The American Ukrainian Montessori Project is an educational endeavor initiated by Boris Zhebrovsky, Chairman of the Main Board of Public Education of Kiev, Ukraine, with the Princeton Center for Teacher Education in Princeton, New Jersey.
The inception of this project began in 1989 and to date has developed into a positive model of Montessori education in Kiev and other regions of Ukraine. The long-term project goal was to develop a Montessori educational model similar to the Princeton Center for Teacher Education Model: that is, a Montessori School with a Montessori Teacher Training Center.
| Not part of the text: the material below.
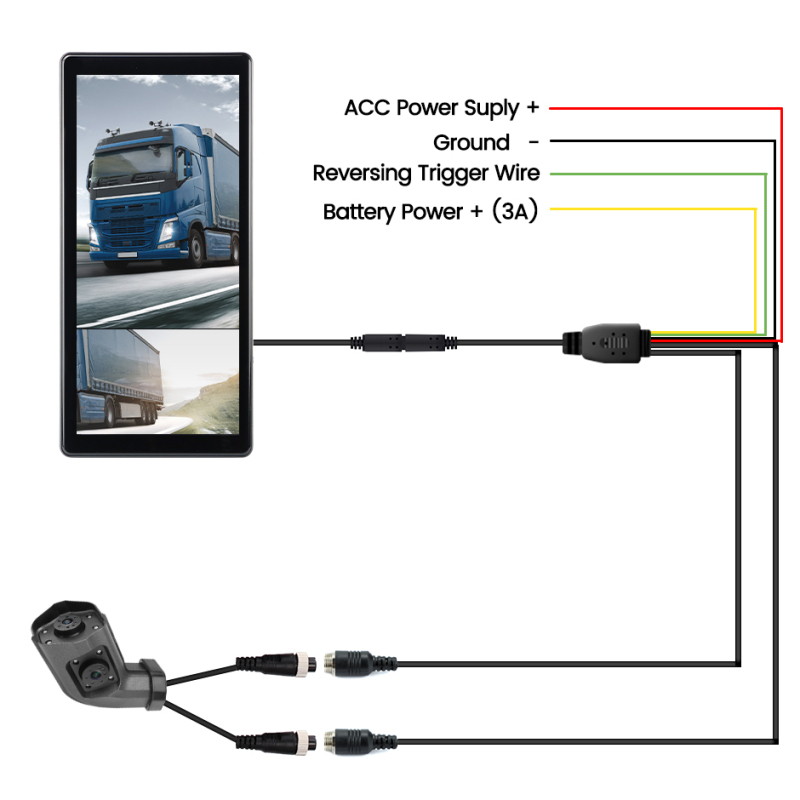 10.36 Inch AHD BSD Car Side View Vertical Monitor DVR - Touch Screen, Loop Recording, Display for Truck Bus Mirror GreenYi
In 1989 Mr. Zhebrovsky was first introduced to the Montessori philosophy in education. He believed that the best way to effect sociological change in Ukraine is to educate the children, and the Montessori method of education would be the best model to develop independent thinking skills needed in the Ukrainian culture. The Minister of Education of Ukraine accepted Mr. Zhebrovsky’s proposal to open a public school based on the pedagogical concepts of Montessori education.
Over the next decade, the Princeton Center for Teacher Education and the many teachers, administrators, and diplomats would work together to bring the model of the Princeton Montessori Society and Princeton Center Teacher Education (PCTE) to the Ukraine.
The partnership between our two countries has been exceptionally successful. Since the project began, the Ukrainian Montessori educators have established the Ukrainian Montessori Society, opened a Montessori School for children and created the Ukrainian Montessori Teacher Training Center. Over twenty regions of Ukraine have opened Montessori Schools and several kindergartens use elements of Montessori education. The parents’ interest and support of these schools and Montessori pedagogy is most positive. For the past two years, there is a waiting list at the Montessori school in Kiev.
Over twenty administrators attended seminars at the Ukrainian Montessori Teacher Training Center and over three hundred teachers attended seminars and continue to have an interest in Montessori education.
Each year, PCTE educators visit the Ukraine to consult with the teachers and staff, conduct parent meetings, and present workshops for administrators. Ukrainian teachers continue to visit PCTE during the summer months to broaden their understanding of Montessori principles and learn from the model here. Without question, both the Americans and Ukrainians have benefited from our connections with each other.